The upstream M&A scramble that Diamondback has jumped into was fueled by a frantic need for drilling inventory. Experts say most operators aren’t going to turn around and give quality inventory away to a competitor.
U.S. producers haven’t always been this parsimonious, said Andrew Dittmar, principal M&A analyst for Enverus Intelligence Research.
“In an earlier cycle of consolidation, it was always a feeling by the bigger public companies that you could sell inventory now—and if you needed it down the road, you could always buy back in,” Dittmar said.
But operators are scared that it could be too challenging and expensive to buy back that lost inventory in the future, he said.
Frankly, most major producers really don’t need to sell operated inventory right now.
Debt levels are extremely low—some suggest the industry may be too conservatively underleveraged—cash flows are robust and balance sheets are near the healthiest they’ve ever been in the sector’s long history.
Public E&Ps Matador Resources and Vital Energy have both been standout buyers in the Permian over the past two years, but neither company is planning to sell off operated inventory packages to reduce debt.
Both plan to de-lever toward their preferred target ratios over the next year using bigger buckets of organic cash flows, Dittmar said.
That bucks a historic trend, where big acquisitions beget portfolio “rightsizing” and eventual sales of non-core operated assets, Dittmar said.
But this isn’t your granddaddy’s A&D market, and the shale revolution of the last decade has evolved.
Tier 2 locations are quickly turning into coveted Tier 1 inventory. Tier 3s are dressing up for the Tier 2 dance. E&Ps are turning over stones in mature shale plays to tout recompletion and refrac projects.

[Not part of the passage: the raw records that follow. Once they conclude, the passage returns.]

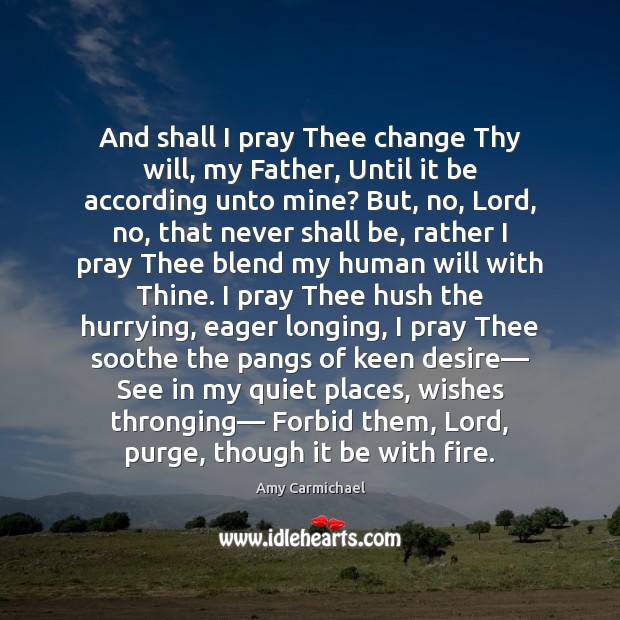 And shall I pray Thee change Thy will, my Father, Until it Amy Carmichael Picture Quote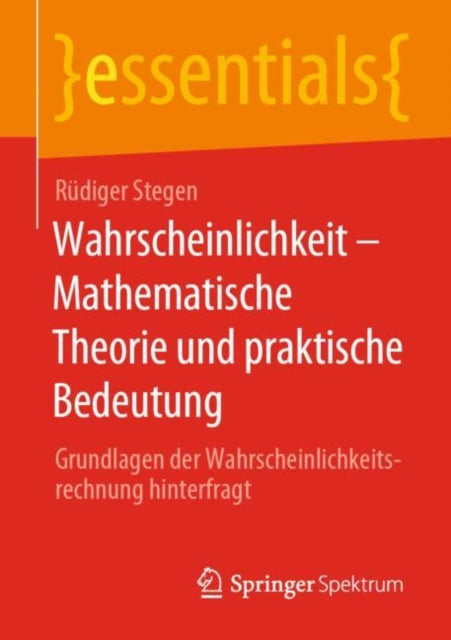 Wahrscheinlichkeit – Mathematische Theorie und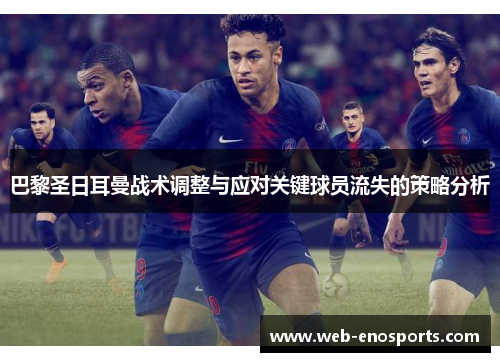 巴黎圣日耳曼战术调整与应对关键球员流失的策略分析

Yesterday’s non-core inventory is suddenly creeping into next year’s multimillion-dollar development program.
M&A experts and investment bankers, who had licked their lips in anticipation of a deluge of post-transaction divestiture activity, have been left scratching their heads.
Instead of marketing operated inventory packages from the big publics, they’re shopping smaller non-operated asset stakes, PDP blowdown plays, minerals and royalties packages, midstream interests and other ancillary items that can generate value for sellers.
Still, many of those experts expect a wave of divestiture activity following a prolonged period of E&P portfolio rationalization.
The wave, it appears, is starting to build momentum.
Starting to play D
Occidental Petroleum might give us the clearest lens into the modern upstream A&D playbook.
Occidental closed a $12 billion acquisition of private producer CrownRock on Aug. 1. The deal gives Oxy an immediate boost in the core of the Permian’s Midland Basin and is immediately accretive to free cash flow.
But Oxy paid up for CrownRock, at 6.3x the company’s 2024 cash flow or $71,000/boe of production, according to analysts at Truist Securities.
While that’s pricey, it’s not uncommon for the highest-quality acreage left in the Permian Basin. In its $60 billion acquisition of Pioneer Natural Resources, Exxon Mobil paid nearly $92,000/flowing boe of production. In its Endeavor acquisition, Diamondback is paying approximately $72,000 per flowing boe.
The CrownRock deal also pushes Oxy further into debt. To reduce its debt to $15 billion, management said it plans to divest $4.5 billion to $6 billion of domestic assets.
Oxy is pulling several different levers to monetize its portfolio.
The most notable package to hit Oxy’s chopping block so far has been the Barilla Draw package in the southern Delaware Basin.
Occidental sold the assets to nearby operator Permian Resources for $817.5 million.
The Barilla Draw assets included approximately 29,500 net acres and 9,900 net royalty acres in Reeves County, Texas, in the southern portion of the Permian’s Delaware Basin.
“While these assets have been core to Oxy’s Southern Delaware position for over a decade, the remaining inventory is long outdated in our current development plans,” Occidental CFO Sunil Mathew said during an August earnings call.
Analysts at TD Cowen said the deal had strong industrial sense for Permian Resources, given the company’s acreage overlap in Reeves County, Texas. The companies aim to close the deal by the end of the third quarter.
But a different part of Oxy’s debt-reduction plan recently hit a snare. Analysts and credit ratings agencies had expected Oxy’s Midland Basin joint venture (JV) partner, Colombian energy company Ecopetrol, to acquire a stake in the CrownRock assets from Oxy.
The JV structure between the two companies gives Ecopetrol the right to participate in interests acquired by Oxy in areas of mutual interest.
Oxy had negotiated with Ecopetrol—the company was obligated to do so under the JV structure—to sell a 30% interest in CrownRock for approximately $3.6 billion. That capital would have gone toward further reducing Oxy’s debt.
But negotiations abruptly fell apart, Oxy later disclosed in an SEC filing.
Oxy CEO Vicki Hollub told investors that Colombian President Gustavo Petro nixed the Ecopetrol-CrownRock deal because of his stance against the fossil fuels industry.
Ecopetrol executives cited several reasons for not acquiring the CrownRock stake, including the lack of government sign-off for the deal, emerging domestic gas resources onshore and offshore Colombia and the nation’s objectives of building new wind and solar power generation.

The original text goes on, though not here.